Kayode (Fode Simbo) has been depressed for seven years. His state – represented by the pool of water in which he moves and which he cannot escape – means he can't find a job and it's beginning to affect his marriage to the British-born, ambitious Kikiope, who loves him, but is reaching the end of her patience. She wants him to see a counsellor, but he is convinced that he has been cursed on a visit to Nigeria as a child. That belief is encouraged by his mother (Lucy Vandi) and by the preacher Matanmi (Mark Springer) she brings in to "cure" her son against Kikiope's wishes.
The spirit which Kayode sees is called Itan, played by Selina Jones with fiercely graceful force. They speak together in their own language. At first, he feels she is a power for the good, as she gently embraces him (in Robia Milliner's choreography), winding her hands around his body. Later, he battles her, demanding she leaves. But all the while he ignores what she tells him – that she is the history he carries with him.
Pragmatic Kikiope, lent watchful compassion by Teri Ann Bobb-Baxter, on the other hand, suggests that some of what her agonised husband is feeling might be caused by the simple pressures of contemporary life and its expectations.
Baruwa-Etti, the 2020 Channel 4 playwright, and already announced as a thrilling, original talent by the monologue The Sun, the Moon, and the Stars, packs a huge amount into the 60-odd minute running time, and not every idea entirely hits its mark. But he is wonderfully served both by all the performances, and by a production which brings everything together with impressive confidence.
Rosie Elnile's setting mixes the real and the fantastical. Carpet covers the stage around the pool, and clothes hang on homely hangers on the walls, but Itan has her own kingdom on a ledge at the back of the stage, from which she descends with stately purpose, unseen by anyone except the suffering man.
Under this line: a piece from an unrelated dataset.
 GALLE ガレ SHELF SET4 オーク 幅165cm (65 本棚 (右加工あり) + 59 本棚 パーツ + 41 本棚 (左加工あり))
A row of giant speakers are lined at the rear, through which George Dennis's soundtrack throbs.
Ciarán Cunningham's lighting holds the same delicate balance, filling the space with purplish light when Matanmi undertakes his exorcism. Meanwhile, director Lawson sends his cast around the auditorium, looking down on Kayode even as they offer their thoughts about him. There's a terrible sense of powerlessness as they all try to help: here is a good man becalmed by his psychological state, grasping at straws in his efforts to escape it.
It all makes for an involving and moving experience, powered by a rare desire to engage with an intractable and rarely discussed topic, and to give it vibrant theatrical form.